If you use an insulin pump, changes in your basal rates may be required. Many people disconnect their pump before starting exercise. Some research has shown that hypoglycemia is much less likely during exercise if the basal rate is stopped. However, we recommend not being disconnected from your insulin pump for more than two hours at a time because this may leave the body without insulin for too long. You can also decrease your basal rate through your insulin pump using the temporary basal rate features. Talk to your diabetes team about changes to your insulin pump regimen during and after exercise.

Knowing your needs and your response to exercise is critical. Different exercise routines, regimens, or even times of day can give very different responses. The key is to be proactive and learn your patterns by monitoring, reviewing, and adjusting to your needs.

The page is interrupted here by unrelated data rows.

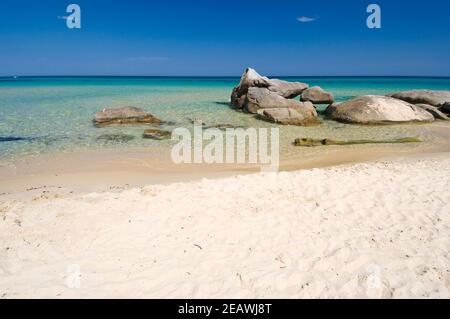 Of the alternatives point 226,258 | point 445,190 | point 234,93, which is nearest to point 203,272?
point 226,258

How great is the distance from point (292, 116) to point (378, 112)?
12.9 feet

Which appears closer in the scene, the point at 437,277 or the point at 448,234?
the point at 437,277

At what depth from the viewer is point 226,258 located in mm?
4219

As a reminder, the effects of exercise on insulin needs can last up to 24 hours after the exercise is over. Because of this, it is not uncommon to experience hypoglycemia in the middle of the night after a day of activity. This is obviously a time when lows need to be prevented. Be sure to check blood glucose levels frequently after exercising, including during late night or early morning hours.

Alcohol

Several precautions need to be taken when it comes to having diabetes and drinking alcohol (see RECOMMENDATIONS FOR PREVENTING ALCOHOL-RELATED HYPOGLYCEMIA). Alcoholic beverages can contain carbohydrate and may cause blood glucose levels to initially rise. However, alcohol impairs the body’s response to low or decreasing blood glucose levels. This effect can be quite delayed, up to 12 hours after drinking. Additionally, alcohol impairs judgment, so your ability to recognize and treat hypoglycemia will be reduced. When slightly intoxicated or drunk your ability to think straight is altered; you may not recognize hypoglycemia when it happens and may not treat it properly even if you do. Alcohol is metabolized (broken down) by the liver, and during this process, the liver does not make as much glucose as normal. Thus, alcohol impairs one of the body’s key responses to low blood glucose—releasing stored glucose from the liver to raise blood glucose levels.